What this task involves
Output the entries as they appear, skipping images.

Exercise materials
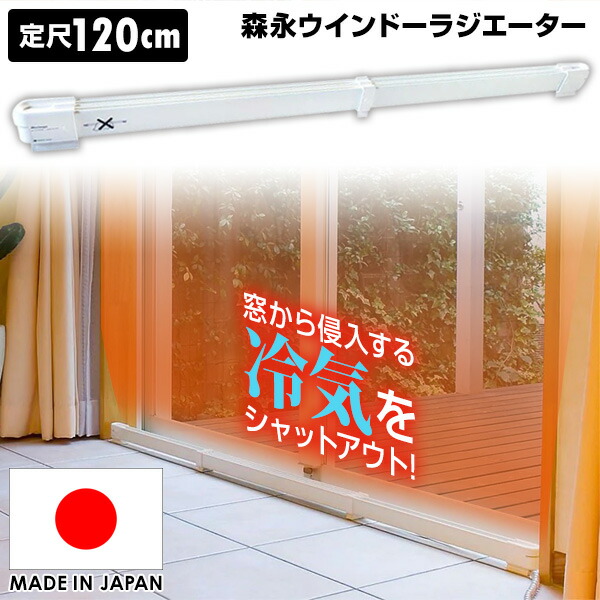 ウィンドーラジエントヒーター 定尺タイプ 90cm(窓際ヒーター) 楽天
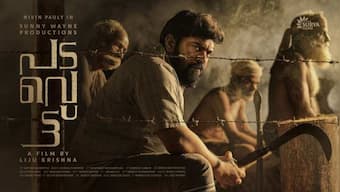 Nivin Pauly shares first look poster of Padavettu, written and directed by Liju Krishna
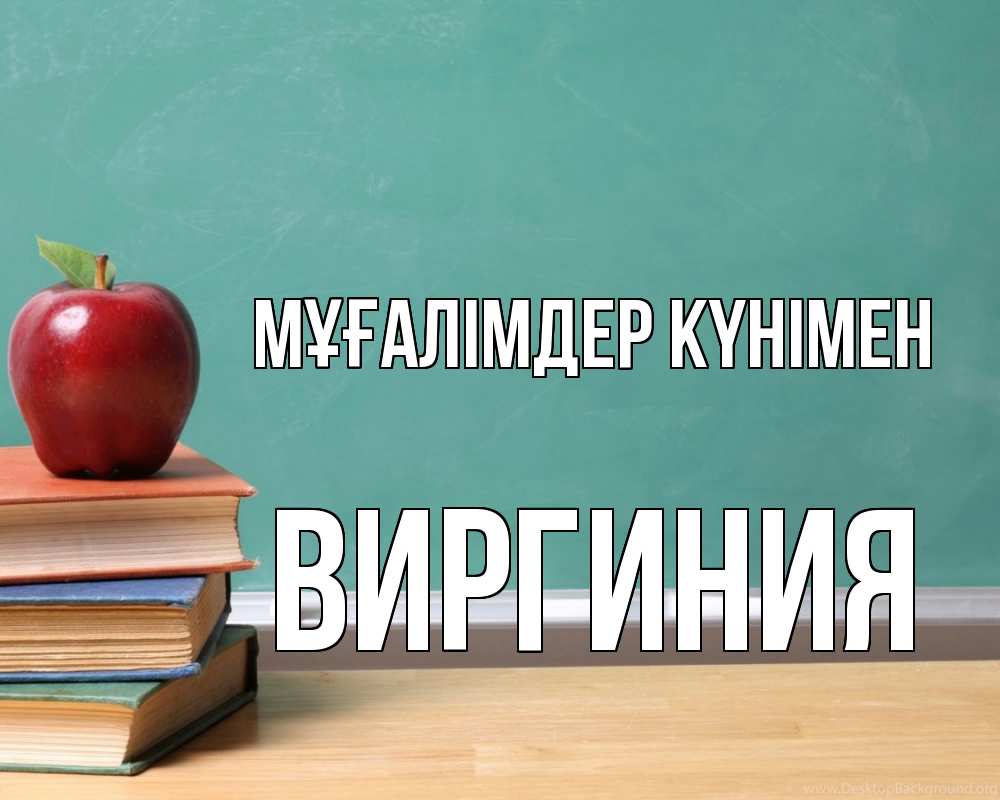 Күн сайын ашық хат с именем, Виргиния Мұғалімдер күнімен мел доска яблоко книги Онлайн тегін жүктеп алу тілектері бар керемет карта 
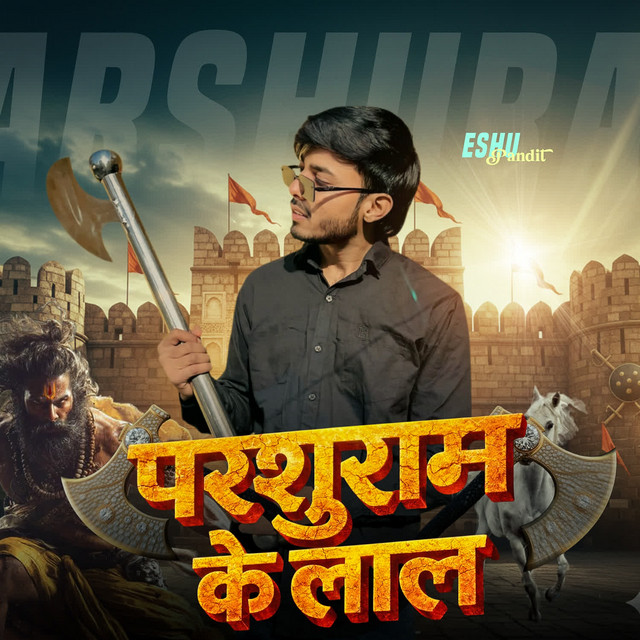 Eshu Pandit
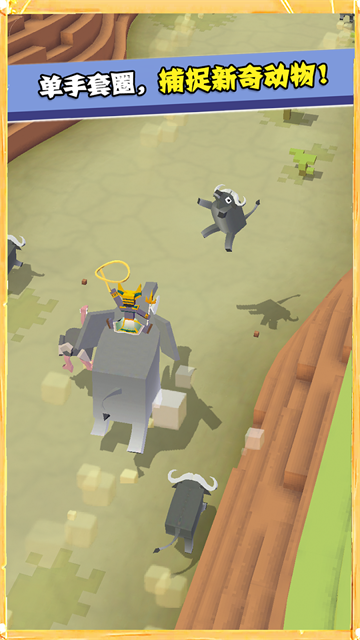 疯狂动物园安卓版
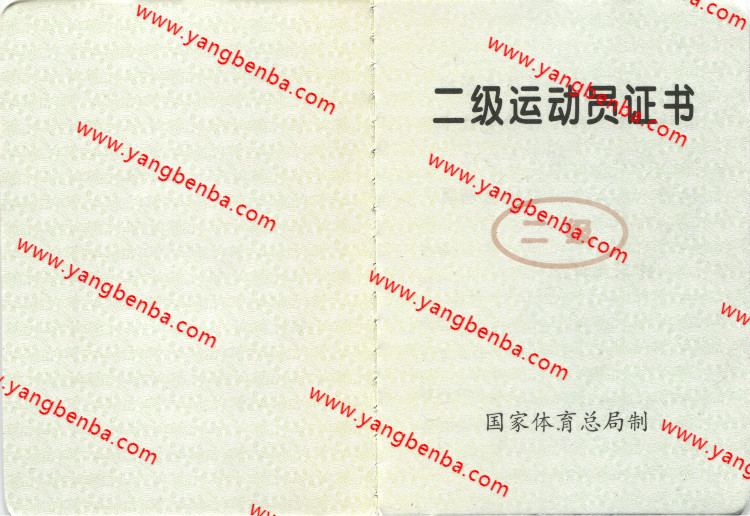 新版二级运动员证书样本内页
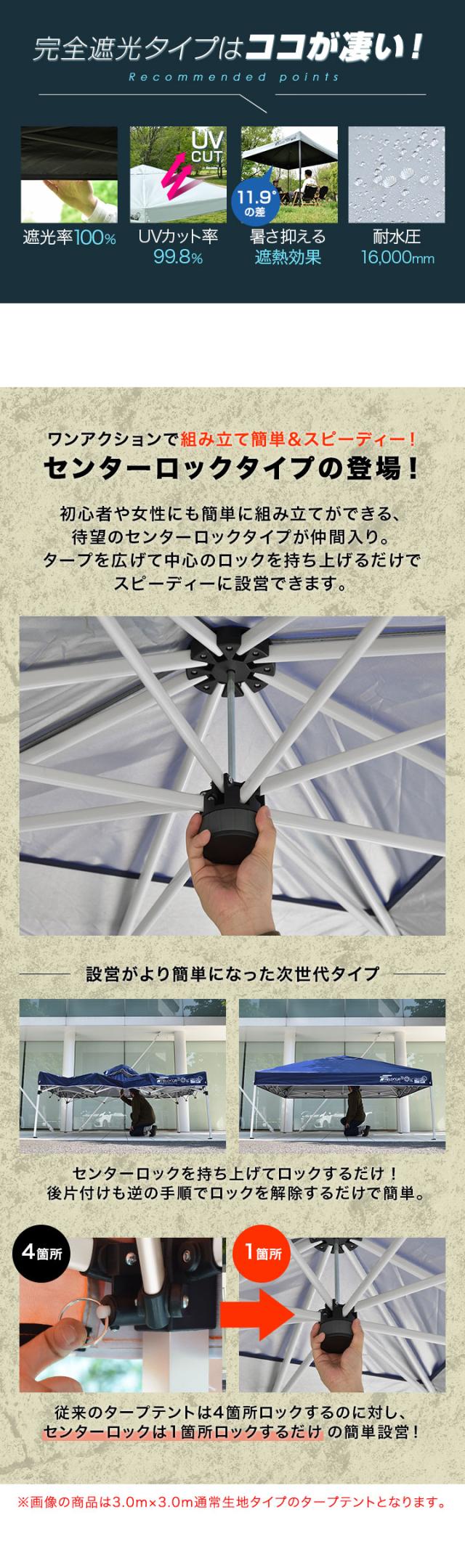 FIELDOOR ワンタッチタープテント 2m×2m 横幕 サイドシート2枚付き スチール/強化フレーム 遮光/遮熱/UVカット テント タープ 200 2.0m 大型 簡単 日よけ ワンタッチタープ 簡易テント イベント BBQ アウトドア キャンプ 1年保証 送料無料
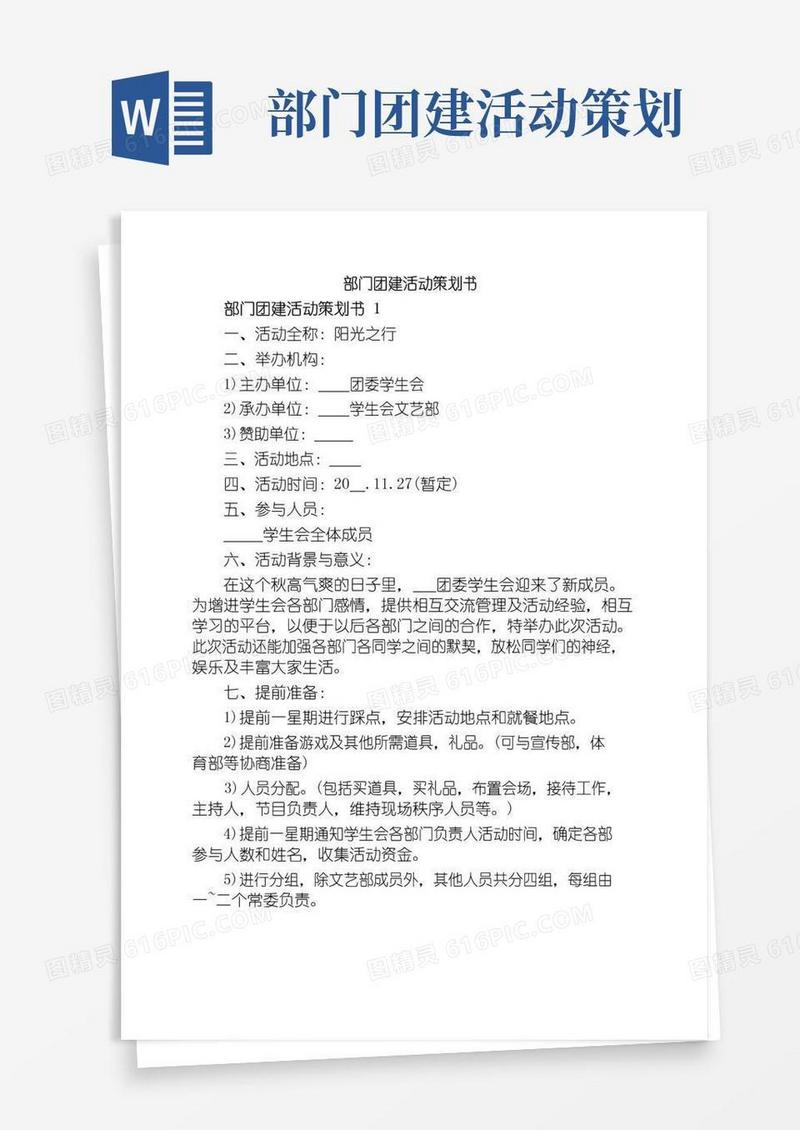 实用的部门团建活动策划书
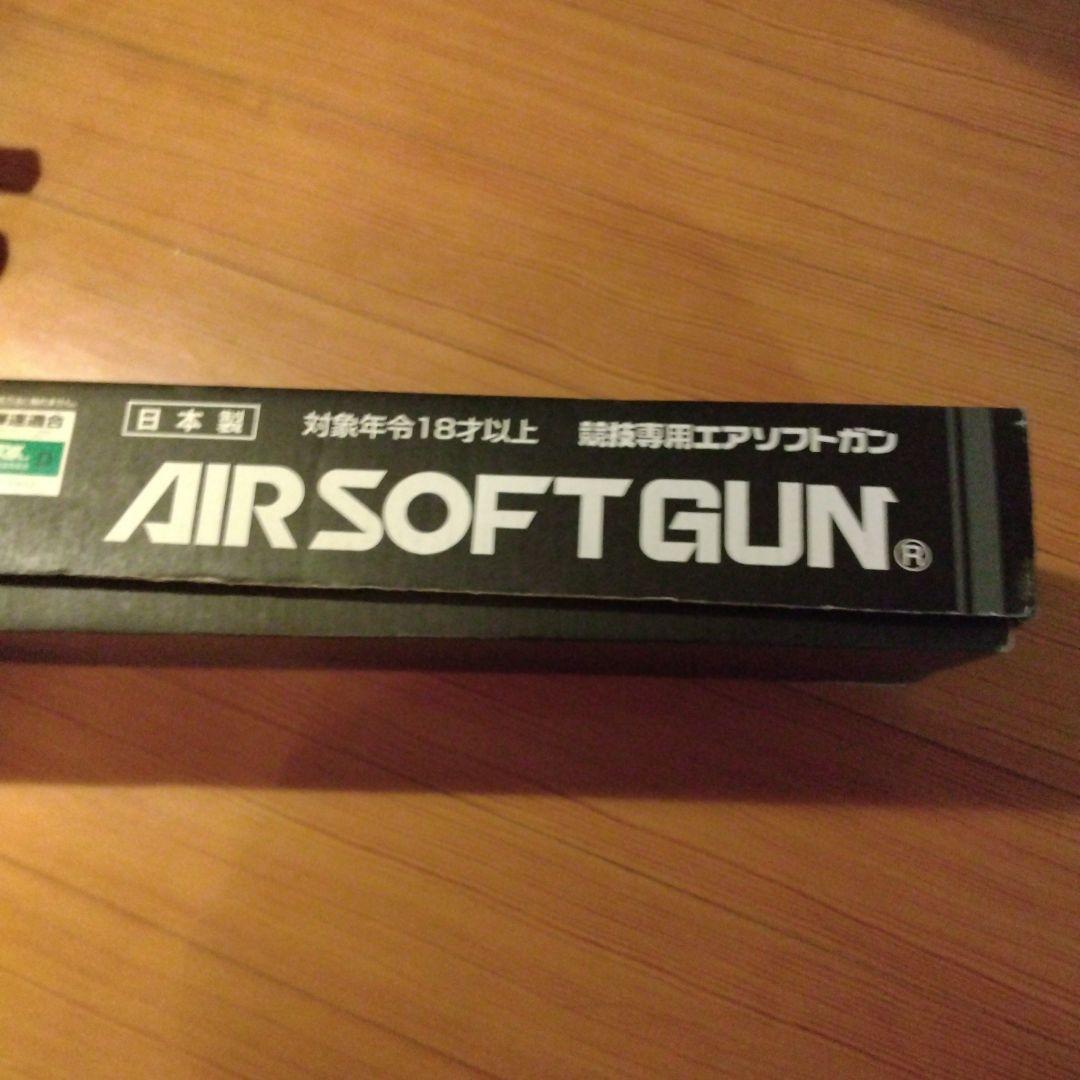 VSR-10 G-SPEC ボルトアクションエアライフル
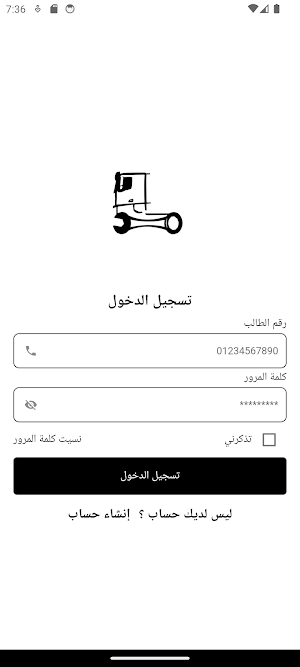 Trucks Diagnosis Screenshot 1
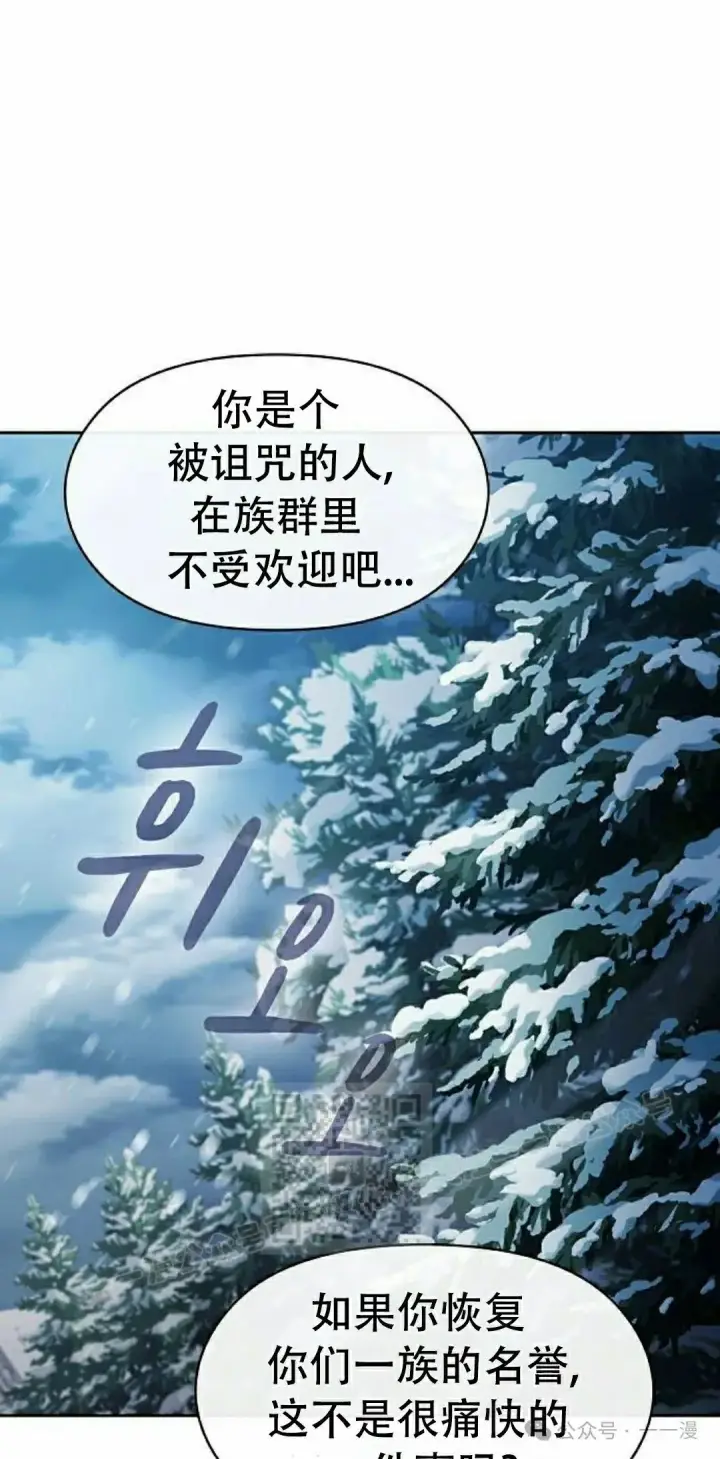 漫画《为智能文明生活而来》第83集第33张图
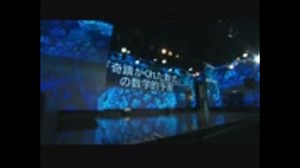 【MathPower2016】 02_講演「「奇蹟がくれた数式」の数学的予習」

Output of the exercise
 ウィンドーラジエントヒーター 定尺タイプ 90cm(窓際ヒーター) 楽天
 Nivin Pauly shares first look poster of Padavettu, written and directed by Liju Krishna
 Күн сайын ашық хат с именем, Виргиния Мұғалімдер күнімен мел доска яблоко книги Онлайн тегін жүктеп алу тілектері бар керемет карта 
 Eshu Pandit
 疯狂动物园安卓版
 新版二级运动员证书样本内页
 FIELDOOR ワンタッチタープテント 2m×2m 横幕 サイドシート2枚付き スチール/強化フレーム 遮光/遮熱/UVカット テント タープ 200 2.0m 大型 簡単 日よけ ワンタッチタープ 簡易テント イベント BBQ アウトドア キャンプ 1年保証 送料無料
 实用的部门团建活动策划书
 VSR-10 G-SPEC ボルトアクションエアライフル
 Trucks Diagnosis Screenshot 1
 漫画《为智能文明生活而来》第83集第33张图
 【MathPower2016】 02_講演「「奇蹟がくれた数式」の数学的予習」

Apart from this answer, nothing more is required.